Data for processing section start
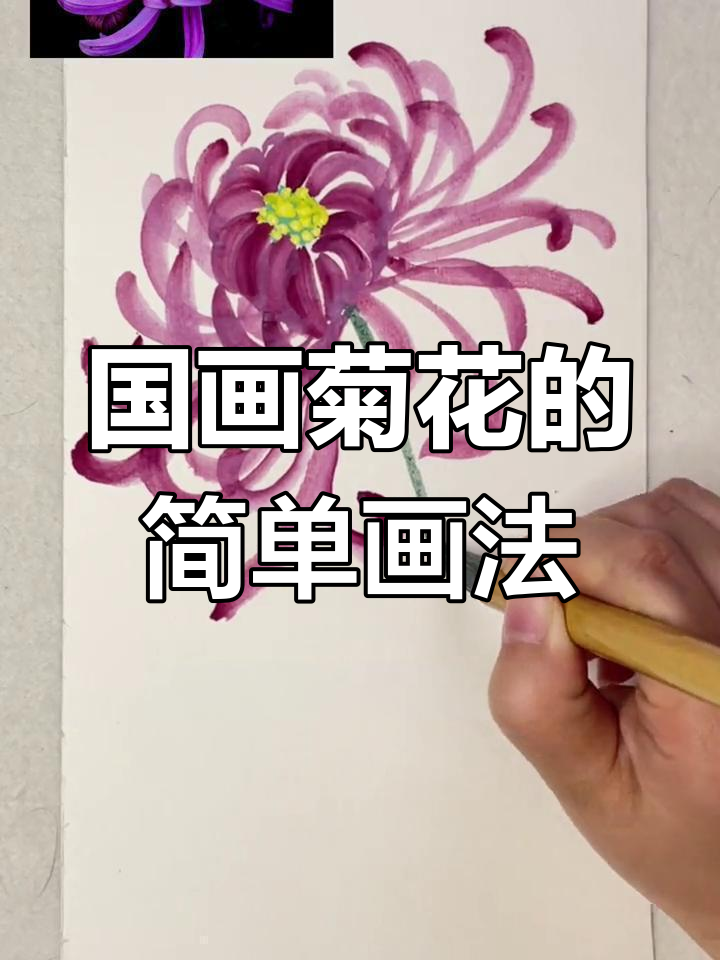 轻松学画国画菊花，步骤详解零基础也能掌握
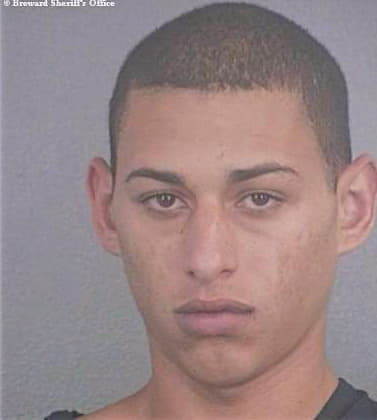 Martinez Luis - Broward County, FL 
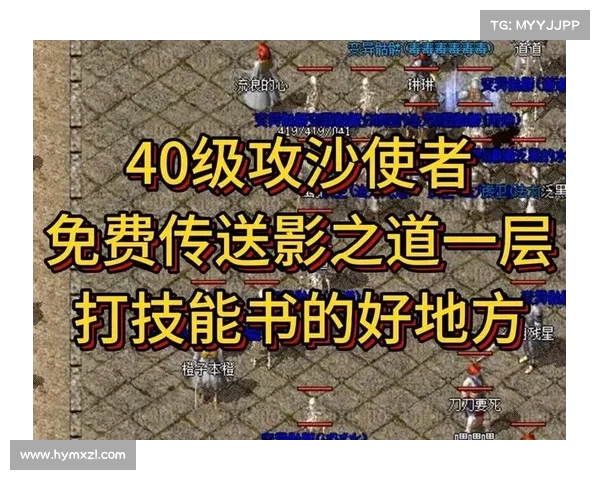 热血传奇：技能调配之道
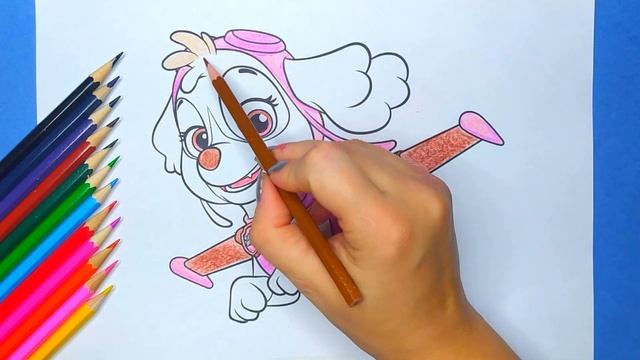 Раскраска Щенячий патруль / Скай / Как раскрасить цветными карандашами смотреть онлайн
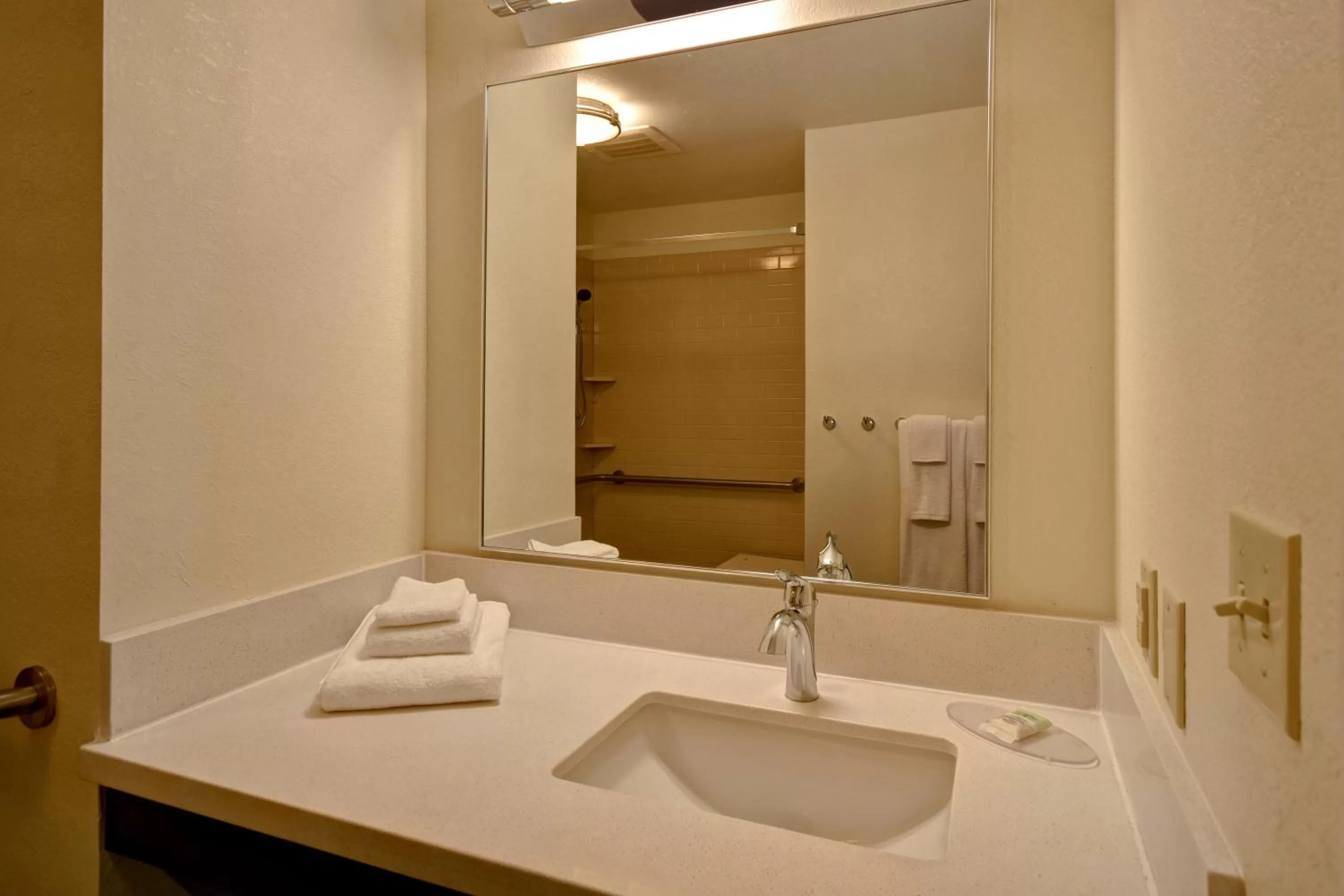 Studio Queen with Two Queen Beds and Mobility Accessible Tub in Candlewood Suites Carrollton by IHG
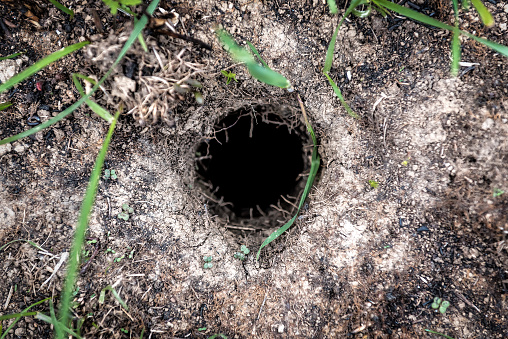 gopher burrow in the ground on the field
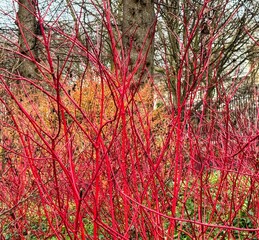 Cornus alba showing vivid red stems with no foliage in winter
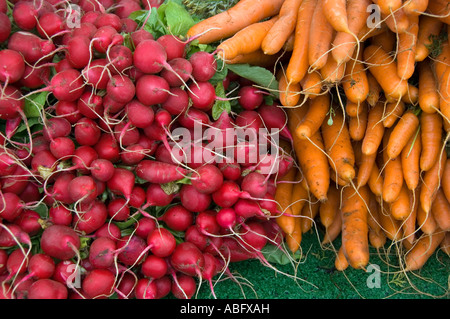 Trauben von Hackfrucht Rettich und Möhren zu verkaufen. Stockfoto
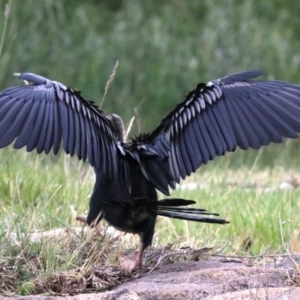 Anhinga novaehollandiae at Barton, ACT - 26 Nov 2018 06:11 PM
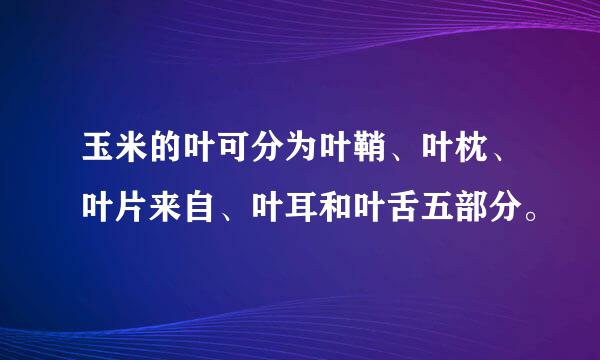 玉米的叶可分为叶鞘、叶枕、叶片来自、叶耳和叶舌五部分。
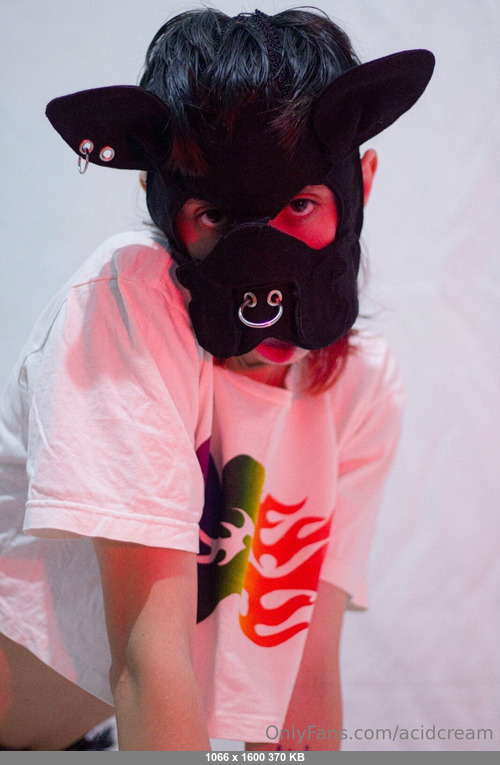 Acidcream 11022026 - Toyverde🐶 - Onlyfans SiteRip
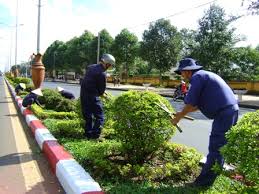Tree services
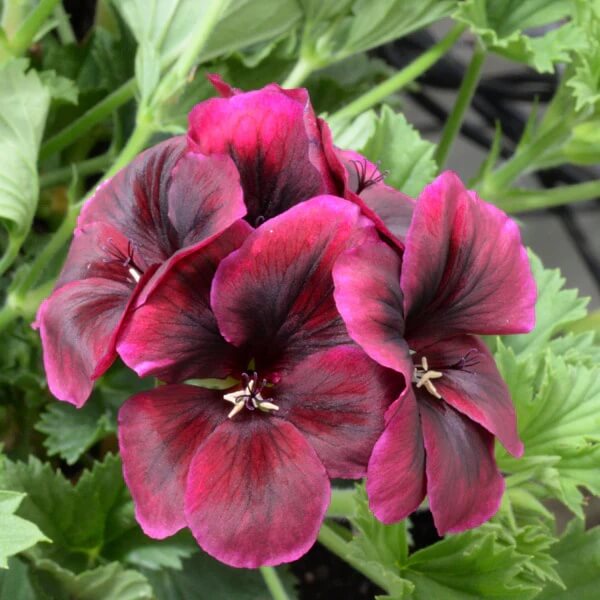 Chocolate Geranium plant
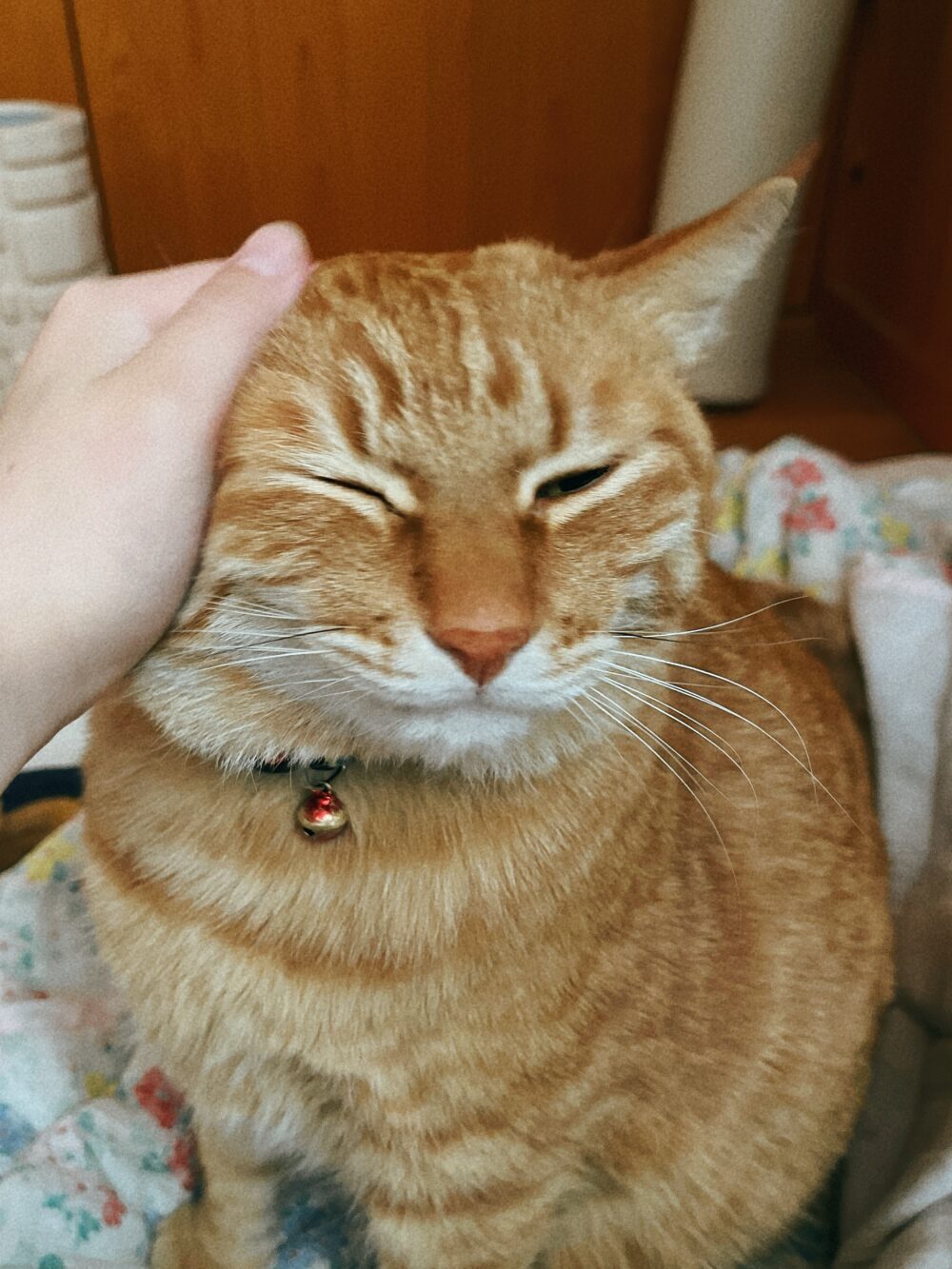 チャチャ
Data for processing section end
Each record must be quoted in full and exactly. Do not include the pictures.

--- Result of the task ---
 轻松学画国画菊花，步骤详解零基础也能掌握
 Martinez Luis - Broward County, FL 
 热血传奇：技能调配之道
 Раскраска Щенячий патруль / Скай / Как раскрасить цветными карандашами смотреть онлайн
 Studio Queen with Two Queen Beds and Mobility Accessible Tub in Candlewood Suites Carrollton by IHG
 gopher burrow in the ground on the field
 Cornus alba showing vivid red stems with no foliage in winter
 Trauben von Hackfrucht Rettich und Möhren zu verkaufen. Stockfoto
 Anhinga novaehollandiae at Barton, ACT - 26 Nov 2018 06:11 PM
 玉米的叶可分为叶鞘、叶枕、叶片来自、叶耳和叶舌五部分。
 Acidcream 11022026 - Toyverde🐶 - Onlyfans SiteRip
Tree services
 Chocolate Geranium plant
 チャチャ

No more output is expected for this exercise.